Annoying Game Questions You Want Answered

General questions, debates, and rants about RPGs

Moderator: Moderators

User avatar
Foxwarrior
Duke
Posts: 1638
Joined: Thu Nov 11, 2010 8:54 am
Location: RPG City, USA

Post by Foxwarrior »

Action points mean that you can't use action categories as a crutch to make some types of action less spammable arbitrarily (unless you do the PF2 thing of creating many new layers of restrictions that seem even more arbitrary than "standard" vs "move" actions ever did). So then you actually need to balance moving and attacking against each other somehow instead of just requiring that the characters all do some moving or equivalent each turn. Basically I'm calling action points Designer Hard Mode.
User avatar
OgreBattle
King
Posts: 6820
Joined: Sat Sep 03, 2011 9:33 am

Post by OgreBattle »

Oh yeah DeadManWalking, my conclusion from those previous threads about dice pool melee combat alpha strike problem is to make the engaging (the "I move/charge the guy from X distance away") alpha strike less accurate than following attacks in measure (the 'base to base' range).
Foxwarrior wrote:Action points mean that you can't use action categories as a crutch to make some types of action less spammable arbitrarily (unless you do the PF2 thing of creating many new layers of restrictions that seem even more arbitrary than "standard" vs "move" actions ever did). So then you actually need to balance moving and attacking against each other somehow instead of just requiring that the characters all do some moving or equivalent each turn. Basically I'm calling action points Designer Hard Mode.
I like how Front Mission 4 (maybe later ones too) have off-turn reactions and team support moves use up AP, so it's not just about doing your ideal attack combination but weighing if you want to go all-in on your turn or be ready to overwatch foes
User avatar
OgreBattle
King
Posts: 6820
Joined: Sat Sep 03, 2011 9:33 am

Post by OgreBattle »

has anyone done a Good look at Cyberpunk RED yet?
pragma
Knight-Baron
Posts: 822
Joined: Mon May 05, 2014 8:39 am

Post by pragma »

I did a review of quick start guide (link below). I don't think the full rules have come out. There are a variety of real plays run by staff posted on the R. Talsorian site (link also below), and they presumably give you some idea of how the devs intend the game to run. My takeaway is that they intend it to be bog standard; I see little setting this apart from any other penny-ante d10+mods rpg. If it's successful, it will be because of cross-promotion with CP2077.

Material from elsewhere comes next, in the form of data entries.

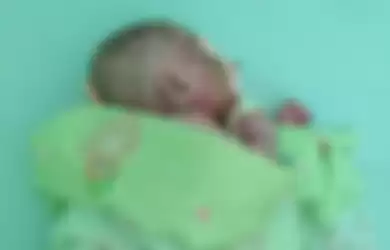 Mizyan Haziq Abdillah, bayi berusia 6 bulan dari wilayah perbatasan Kabupaten Nunukan ini menderita penyakit, kulitnya mengeras seperti plastik kemudian pecah dan mengelupas.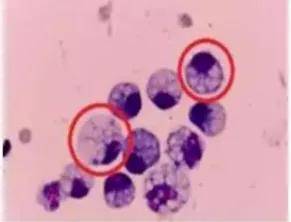 24岁女演员确诊“癌王”,崩溃痛悔:大家别像我这样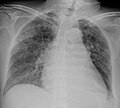 Chest radiograph of miliary tuberculosis 1.jpg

http://tgdmb.com/viewtopic.php?t=57550
https://rtalsoriangames.com/actual-play/
User avatar
OgreBattle
King
Posts: 6820
Joined: Sat Sep 03, 2011 9:33 am

Post by OgreBattle »

Anyone read Gygax and Arneson's books on creating RPG's? Wondering what games they played.

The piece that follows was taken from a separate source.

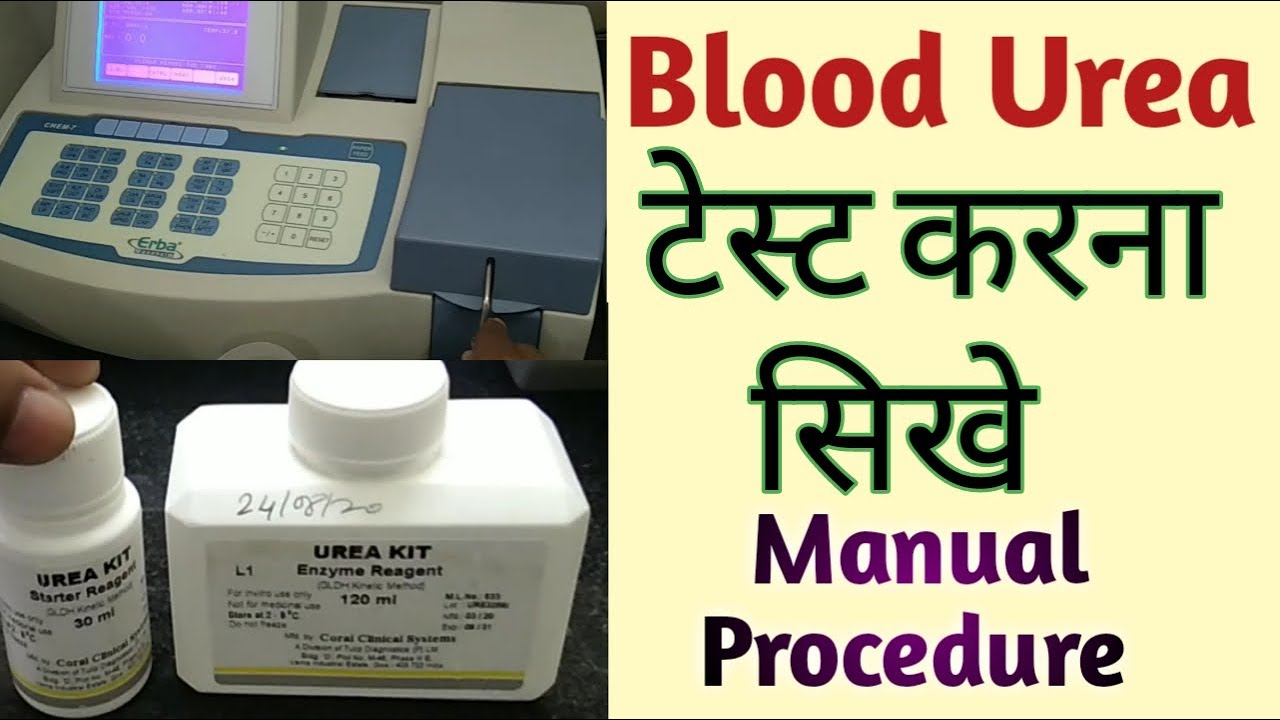 Blood urea टेस्ट करना सिखे | Estimation of serum urea | blood urea test procedure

I can't make links but I've read about "Braunstein" which assigned roles to dudes in a napoleonic town, then turned into LARPing to the creator's unexpectation.

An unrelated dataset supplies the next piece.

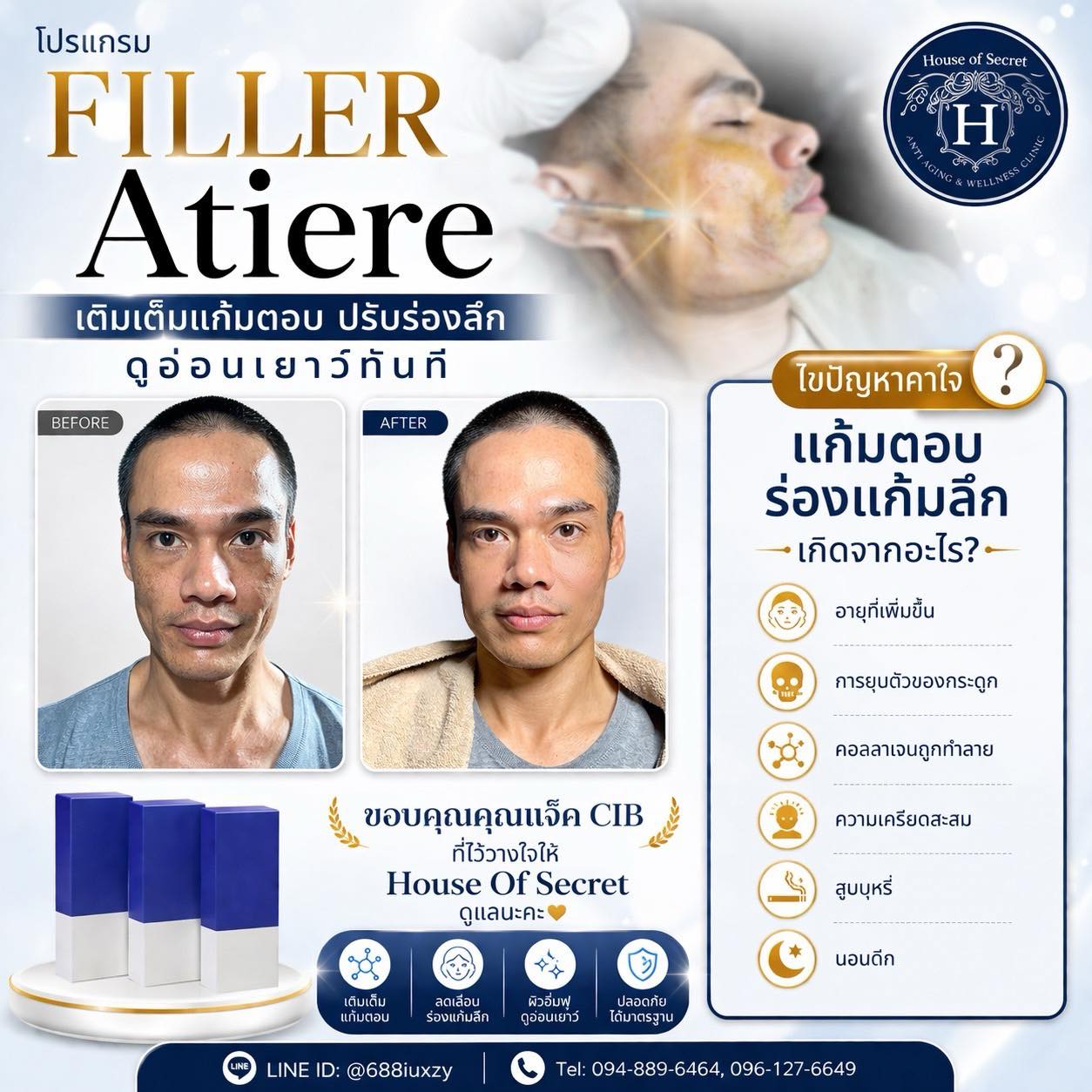 รีวิวโปรแกรมฉีด Filler 4 CC ในการปรับรูปหน้า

Model UN type stuff seems like the precursor to Braunstein, and I don't see Model UN usually called an RPG
Thaluikhain
King
Posts: 6205
Joined: Thu Sep 29, 2016 3:30 pm

Post by Thaluikhain »

In a bunch of GW games, there's a rule that you have to shoot at the closest enemy target (usually followed to a long list of exceptions). This has always annoyed me, but is there a good reason for something like that to be there, instead of letting players have units/models shoot at whatever they want?
User avatar
Foxwarrior
Duke
Posts: 1638
Joined: Thu Nov 11, 2010 8:54 am
Location: RPG City, USA

Post by Foxwarrior »

GW army games are derived from wargames. So sometimes there's an aspect of trying to simulate an army of soldiers you don't actually have firm control over, who might come up with various things they'd rather do than what you want them to. Thus troops can run away, frenzy, and are somewhat unwilling to shoot the guys way over there when there are some enemies in their faces right now.
User avatar
OgreBattle
King
Posts: 6820
Joined: Sat Sep 03, 2011 9:33 am

Post by OgreBattle »

Thaluikhain wrote:In a bunch of GW games, there's a rule that you have to shoot at the closest enemy target (usually followed to a long list of exceptions). This has always annoyed me, but is there a good reason for something like that to be there, instead of letting players have units/models shoot at whatever they want?
Allows for screening tactics so the artillery mage and so on don't always get focus fired or sniped. There's usually exceptions for much bigger models, like shooting a trukk that has an ork standing in front of it.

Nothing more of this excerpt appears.